I can't find a contradiction.
On
Suppose you do have a classical solution. Then multiply both sides by $\sin(t)$ and integrate: $$ \int_{0}^{\pi}\sin(t)(u''(t)+u(t))\,dt = -\int_{0}^{\pi}\sin(t)\,dt. $$ This leads to a contradiction. The right is non-zero. However, the left side evaluates to $0$ because integration by parts gives $$ \begin{align} \int_{0}^{\pi}\sin(t)u''(t)\,dt & = \left.\sin(t)u'(t)\right|_{t=0}^{\pi}-\int_{0}^{\pi}\cos(t)u'(t)\,dt \\ & = \left.\sin(t)u'(t)\right|_{t=0}^{\pi}-\left.\cos(t)u(t)\right|_{t=0}^{\pi} -\int_{0}^{\pi}\sin(t)u(t)\,dt \\ & = -\int_{0}^{\pi}\sin(t)u(t)\,dt. \end{align} $$ NOTE: This is not just a strange guess. The reason for this is that, for a selfadjoint $A$, one has $\mathcal{N}(A)=\mathcal{R}(A)^{\perp}$. And $Au = -u''-u$ on the Sobolev domain with $u(0)=u(\pi)=0$ has a non-trivial homogenous solution $\sin(t)$. So the constant function $1$ cannot be in the range of $A$ becuase it is not orthogonal to $\sin(t)$.

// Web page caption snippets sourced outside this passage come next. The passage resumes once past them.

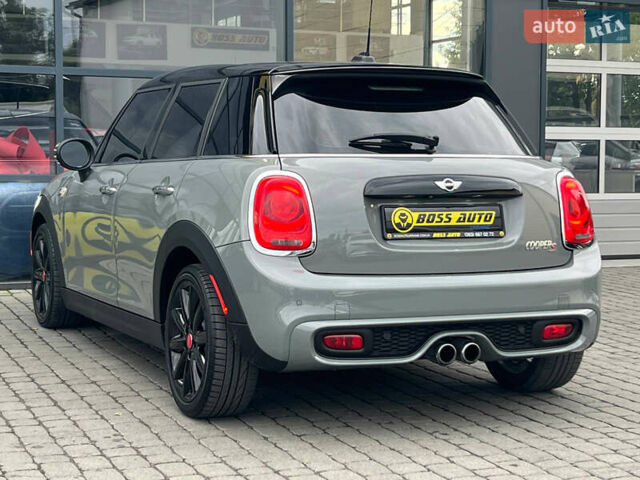 Серый Мини Hatch, объемом двигателя 2 л и пробегом 46 тыс. км за 17500 $, фото 4 на Automoto.ua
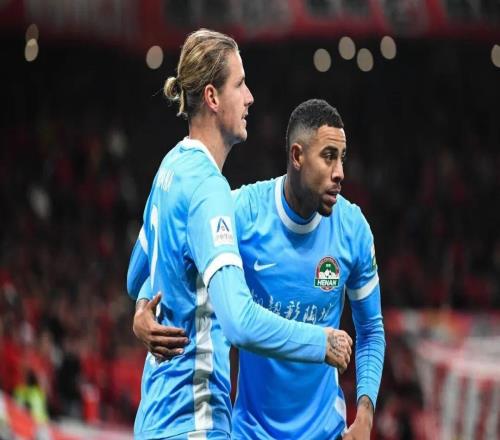 上半場火力全開+下半場韌勁拉滿，河南攻克海港主場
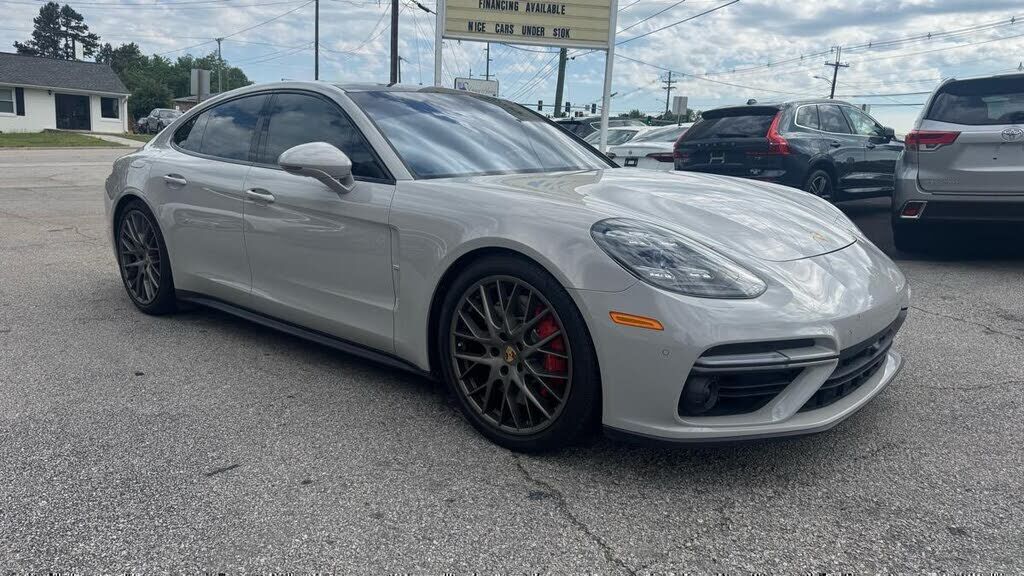 2017 PORSCHE Panamera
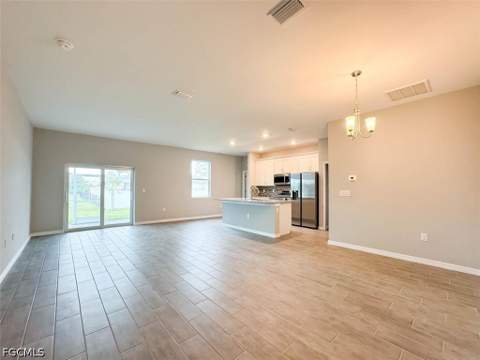 512 NW 25th Ave, Cape Coral FL - photo 9 of 42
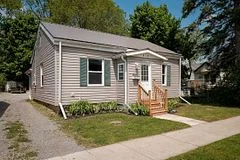 414 Wellington Street, Peterborough, ON K9H 5C4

Now that you have proved that every weak solution is a strong solution, you can proceed as follows. Assume that there exists a weak solution, $u$, of your problem. It is simultaneously a strong solution, i.e., in particular, satisfies the equation on $[0,\pi]$. The general solution of this equation is $u=A\sin x+B\cos x-1$. The boundary condition at $x=0$ says that $B=1$, while the boundary condition at $x=\pi$ says that $B=-1$. Thus, you obtain $1=-1$. A contradiction. :)